2015 GSA Annual Meeting in Baltimore, Maryland, USA (1-4 November 2015)

Paper No. 247-6
Presentation Time: 2:45 PM

MAMMAL BODY SIZE CHANGE IN THE ZONE OF THE EARLY EOCENE HYPERTHERMALS ETM2 AND H2


CHEW, Amy E., Department of Anatomy, Western University of Health Sciences, 309 E. Second Street, Pomona, CA 91766, achew@westernu.edu

The early Eocene is relevant for testing the recent hypothesis that decreasing body size is the “third universal response” to warming. Increasing temperature during the early Eocene culminated in the Early Eocene Climatic Optimum (EECO), the hottest sustained period of the Cenozoic. Superimposed on this long-term trend were several short-term ‘hyperthermals’, including the Paleocene-Eocene Thermal Maximum (PETM) at the base of the Eocene, and ETM2 and H2, smaller events ~2 my later in the lead-up to the EECO. A superb mammal fossil record from the Fifteenmile Creek (FC) section of the Willwood FM in the south-central part of the Bighorn Basin, WY, spans these events and provides the opportunity to test the universality of body size response to rapid warming. The PETM has been comprehensively studied, but changes in body size at ETM2 and H2 are not well understood.

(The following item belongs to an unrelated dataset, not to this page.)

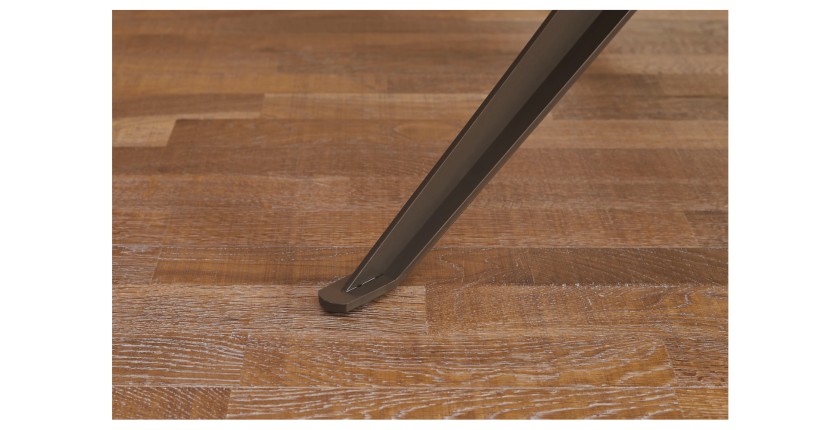 Zoom sur l'un des pieds de la table de salle à manger AVELIS 220cm effet marbre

Two carbon isotope excursions (CIEs) attributed to ETM2 and H2 have been described in the northern Bighorn Basin in proximity to geomagnetic and biostratigraphic events. More than 32000 mammal fossils from >100 lineages are known from a 220-meter thick stretch of the FC section that brackets and includes these levels. Previous analysis identified two brief episodes of change, faunal events B-1 and B-2, hypothesized to be related to ETM2 and H2 based on a similar relationship to the geomagnetic and biostratigraphic events near their CIEs. More than 7500 complete lower first molars from the FC sample are used to calculate natural log-transformed occlusal surface areas as a proxy for body size.

Mean molar area for the whole FC sample is 10-20% smaller (statistically significant) during faunal events B-1 and B-2 than before and after the events. Similarly, nearly half of all mammal lineages decreased in size at the PETM through the immigration of small species and the temporary dwarfing of lineages, probably via metabolic effects. However, at faunal events B-1 and B-2, there are no documented immigrants and new species appearing through morphological innovation are both larger and smaller than their close relatives. Dwarfing is apparent in only a few lineages. Instead, the overall size decreases at faunal events B-1 and B-2 are driven by shifts in (standardized, proportional) relative abundance, which favor the smaller species in eight of the 10 most common families.